Aside from Spanish colonialism, what worried Martí the most was, as he put it in his most famous essay “Our America” (1892), the northern “tiger.” Martí thought that US expansionism represented the Spanish American republics’ “greatest danger,” which in his view were torn by “the arrogance of the capital cities, the blind triumph of the scorned peasants, the excessive importation of foreign ideas and formulas, the wicked and impolitic disdain for the native race.” In Martí’s utopian vision, the solution to this dilemma lied in Latin American autocthony, in engaging with the local world of Latin America’s “natural men,” teaching “the history of America from the Incas to the present tradition” and cultivating what he called “our own Greece,” all from an anti-racist creed that preached that “there are no races.” The origins of Martí’s creed of “continental unity” can be traced back to the Spanish American Wars of Independence, when Venezuelan general Simón Bolívar proposed the creation of a Spanish American republic that unified the former colonies (in contemporary Latin America, Hugo Chávez sought to resurrect this ideal alongside other left-wing populist presidents, from Evo Morales in Bolivia to Rafael Correa in Ecuador).
Martí’s utopia of a truly independent, socially harmonious Latin America was articulated through a dichotomy that represented negatively not only the US government, but also Anglo-American culture. In journalistic sketches published widely in Latin American newspapers, such as “Coney Island,” Martí relentlessly excoriated the greed and moral corruption he perceived in the United States and particularly in New York City, where he lived in political exile for most of the 1880s and early 1890s. His tone grew more acerbic as his plans for revolution intensified; one key reason for this was his suspicion that US would intervene in Cuban affairs if it sought political independence (Martí’s correct hunch was based not only in that US capitalists possessed key investments in Cuba, but also in that many plantation owners and merchants in the island supported annexation). In one of the many pamphlets he wrote in Patria, the Cuban Revolutionary Party official organ printed in New York City, Martí attacked US society for having “no bond other than that of interests,” as a place of “sordidness and bestiality” (“A la raíz”).

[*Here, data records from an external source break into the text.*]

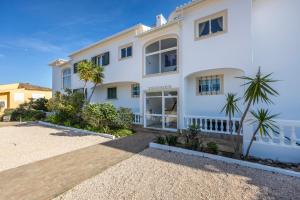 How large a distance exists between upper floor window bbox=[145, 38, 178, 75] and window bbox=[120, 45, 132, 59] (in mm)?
2197

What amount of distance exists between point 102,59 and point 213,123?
13229mm

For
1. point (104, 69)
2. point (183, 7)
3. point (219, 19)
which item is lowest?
point (104, 69)

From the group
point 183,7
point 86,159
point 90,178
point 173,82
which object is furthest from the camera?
point 173,82

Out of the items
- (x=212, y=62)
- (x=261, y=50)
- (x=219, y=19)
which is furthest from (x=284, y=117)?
(x=219, y=19)

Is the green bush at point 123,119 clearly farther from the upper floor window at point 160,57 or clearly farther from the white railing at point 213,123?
the white railing at point 213,123

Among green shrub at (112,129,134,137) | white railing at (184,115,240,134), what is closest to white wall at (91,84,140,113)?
green shrub at (112,129,134,137)

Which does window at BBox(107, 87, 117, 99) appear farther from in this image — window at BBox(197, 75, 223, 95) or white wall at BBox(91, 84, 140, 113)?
window at BBox(197, 75, 223, 95)

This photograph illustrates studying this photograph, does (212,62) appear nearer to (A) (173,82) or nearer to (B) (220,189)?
(A) (173,82)

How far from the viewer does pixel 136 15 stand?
644 inches

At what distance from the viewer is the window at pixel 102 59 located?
18234 mm

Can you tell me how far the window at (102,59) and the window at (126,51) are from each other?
2.23 meters

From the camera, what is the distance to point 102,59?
1884 centimetres

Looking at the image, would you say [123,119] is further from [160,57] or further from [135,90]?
[160,57]

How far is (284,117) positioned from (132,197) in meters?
9.05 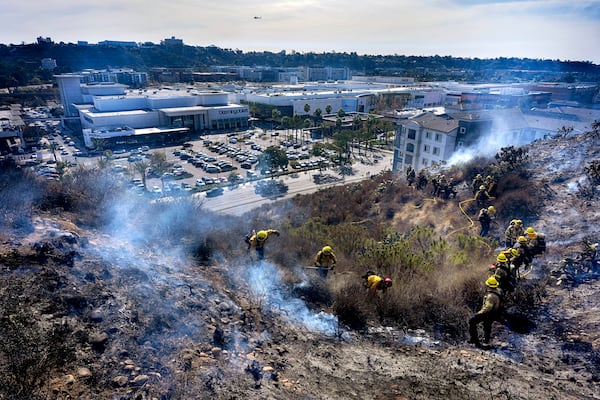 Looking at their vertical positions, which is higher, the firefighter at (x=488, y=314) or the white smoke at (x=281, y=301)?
the firefighter at (x=488, y=314)

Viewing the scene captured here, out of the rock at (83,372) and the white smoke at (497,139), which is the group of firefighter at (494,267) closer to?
the rock at (83,372)

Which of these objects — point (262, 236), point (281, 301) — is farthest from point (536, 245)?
point (262, 236)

The irony of this narrative is that, even as Martí argued for an autochtonous Latin American identity separate from the tiger of the North, his work cannot be separated from the very culture he eviscerated in his most intense moments of political fervor. Martí held a sustained dialogue with a varied US literary and sociopolitical tradition, writing extensively and often admiringly on figures ranging from George Washington and Abraham Lincoln to Walt Whitman and Ralph Emerson. In addition, he wrote and translated articles for Anglophone newspapers such as The New York Sun (interestingly, he also translated Helen Hunt Jackson’s Ramona into Spanish). As Laura Lomas points out in her fascinating book on Martí as a Latino intellectual, Translating Empire: José Martí, Migrant Latino Subjects, and American Modernities, in the last two decades American Studies and Latina/o Studies scholars have incorporated Martí as an “interlocutor and as a reader of North American cultural and political texts” (65).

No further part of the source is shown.